I’m not quite sure exactly what came over me on that chilly November day
after a major national holiday. It must have been all that turkey and
other rich and sumptuous foods, which I ingested with gusto and abandon,
that went to my head. Either that or age. Seems to me that when I hit
my fourth decade last spring, I started becoming more sentimental, more
inclined to revisit the past.
At any rate, the day after Thanksgiving was when I came down with
nostalgia fever. I logged on to my computer and decided to sign up with
our batch website (the brilliant brainchild of Rey Espino, Leo Riingen,
et al.). It was something that friends have been prodding me to do for
sometime but which, in the midst of life’s frantic rhythm and its
mundane routine, kept being buried in my lengthy mental “to-do” list.
Within twenty-four hours, my request for membership was promptly
approved by the moderator. I now had access to the corridors and
private nooks of the old high school, as revealed in the lives of my
batchmates during the last twenty-five years. Thus began my “journey”
back home.
And what an amazing journey it was! As soon as I unlocked the door back
to UST High, I beheld the wonders of those years of discovery and
curiosity which I had almost completely forgotten, caught up as I’ve
been in the myriad activities of harried daily life as a wife, working
stiff, and political volunteer.
In our group website, I saw
names and faces both familiar and unknown, and photos of teachers fondly
remembered or hardly at all. Suddenly, a window long kept shut was
flung open, allowing me to peer into the past. I felt like a child who
went up to the attic and found a long-lost beloved toy.
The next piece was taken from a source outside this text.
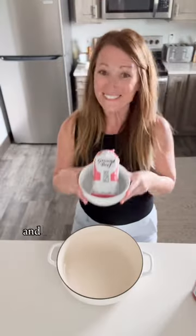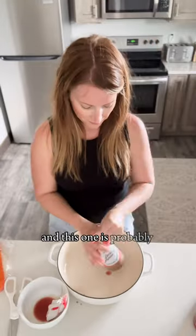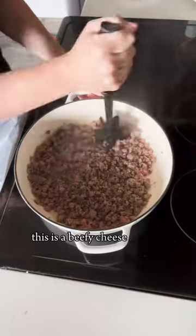I have heard you loud and clear, and I know how much you love easy dinner recipes. This is probably one of the top three easiest dinners on fantabulosity.com. This is a beefy cheese burrito.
As I hurriedly scrolled down my computer screen in search of familiar
names, an endless stream of e-mail messages came rushing in. Names of
former seat/cheatmates and partners-in-mischief-and-misadventures when I
was in 113, 211, 311, and 412 popped on my screen and transported me
back to the days when I was an awkward and dorky teenager. I was
absolutely in stitches as I read the riotous e-mails posted by various
batchmates. (Jun Baylon’s I found to be the zaniest). A
quarter-century may have transpired and we all may have inevitably aged
a bit but the words of banter in those e-mails reflect the fact that who
we once were----wacky, silly teenagers---is who we essentially still
are. A lot of us may be parents now, and a rare few even grandparents,
but we have, at our core, remained remarkably the same. Like the best
vintage wine, Batch ’80 only becomes finer and more distinctive with the
passage of time.
Without a doubt, our lives have taken divergent paths in the course of
twenty-five years. Like seeds scattered by the wind, we have taken root
and flourished in every crevice: Europe, North America, Asia, the Middle
East, the South Pacific, Australia, Africa-----Batch 80’s global
invasion.
We became accomplished business leaders in various industries, doctors
and other health professionals, lawyers, accountants, engineers,
architects, educators, clergy, entrepreneurs, and so forth. Truly, our
batch represents the best and the brightest of UST High School. We have
certainly produced one of the finest crops of talent that our school has
ever seen. 1980 was a vintage year indeed!
Wherever we are in life now and whatever we have become and are still in
the process of becoming, it all began in that staid, steel gray high
school building that we, members of Batch ’80, all call HOME.